The company also beefed up its e-commerce chops this week by announcing the acquisition of Parcel, a Brooklyn, N.Y.-based same-day-delivery startup. “Parcel is a proven leader in e-commerce package delivery, including taking fresh, frozen and perishable food the last mile—that is, the last step in the shipping process as products make their way from a fulfillment center to your door,” Walmart said in a blog post.
Meanwhile, America’s largest grocery retailer is investing heavily in another sort of digitally-enabled convenience: pickup at one of its stores. It sees grocery pickup as a way of marrying its e-commerce business with its biggest existing advantage: its network of stores across the country. Click-and-pickup customers can also go a store’s “pickup tower” to get any items ordered online.
Many people want to streamline their food shopping but not all want home delivery. In fact, according to the New York Times, Walmart is betting on the millions of Americans in suburban and rural areas who drive everywhere, trying to make ordering groceries online and then picking them up yourself as seamless as a fast food drive-through. That requires huge investments in staffing and training employees how to fulfill these orders from the store, but going down this road is another way in which Walmart is trying to leverage the advantages it does have over Amazon.

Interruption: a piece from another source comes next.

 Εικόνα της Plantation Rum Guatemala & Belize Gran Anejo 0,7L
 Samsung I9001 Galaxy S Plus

As it gets increasingly digital, it also needs to do a better job at parsing the data it collects along its digital experiences, with McMillon giving the company a two out of 10 on its data analysis efforts.

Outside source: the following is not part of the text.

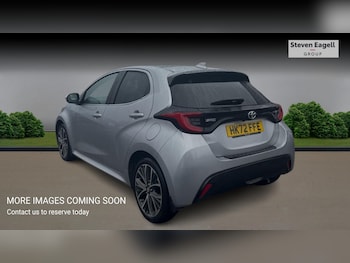 Used Toyota Yaris 2022 for sale - 77724264: Photo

“From 1 to 10 in our use of data, I would say we’re probably about a 2,” McMillon stated. “We use data to improve in-stock and replenishment. We don’t use data to personalize. And with our EDLP roots, we made a conscious decision not to do a lot of couponing, either in the physical world or digitally. I don’t personally believe that that builds loyalty and we want to build trust, and we want to build loyalty. Having said that, I think in this world, we need to kind of push refresh on our minds as it relates to that, not that we should do couponing, but we should be very open to personalization.”

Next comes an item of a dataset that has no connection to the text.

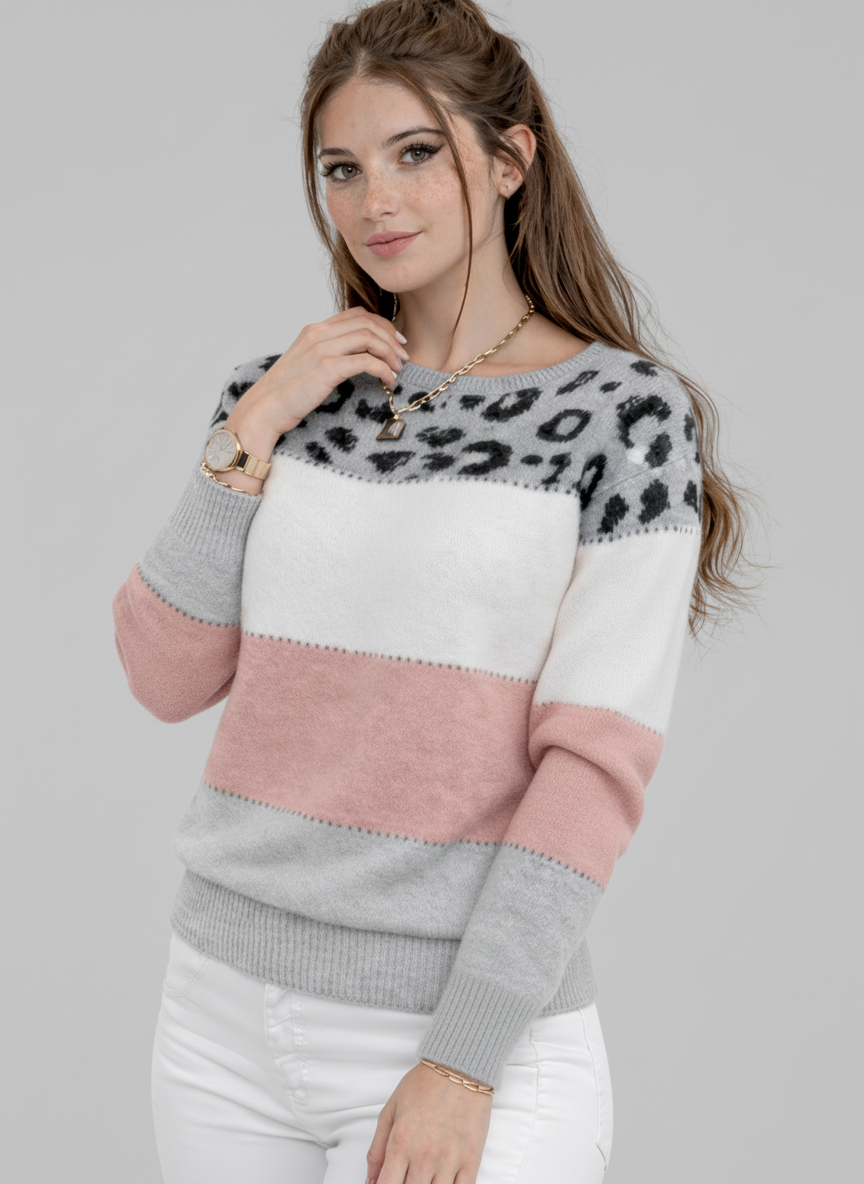 Jimena - Jersey casual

Of course, even Walmart can use allies in taking on the Amazon juggernaut. It recently announced that it’s giving a $25 discount to users who purchase a Google voice-recognition device—call it an Alexa-fighter—at a Walmart store, place an order with the retailer and link their Walmart account to Google Express. Walmart and Google announced their voice recognition partnership in August.
“The industry has been waiting for sellers and technologists to map out a path to compete with the Amazon juggernaut and the rise of Alexa,” Jennifer Sherman, senior vice president of product and strategy at Kibo, an omnichannel commerce software company, told MarketWatch. “With this new move Walmart has unlocked voice-based commerce on devices that already enjoy greater penetration than the Echo, the smartphone” by Amazon.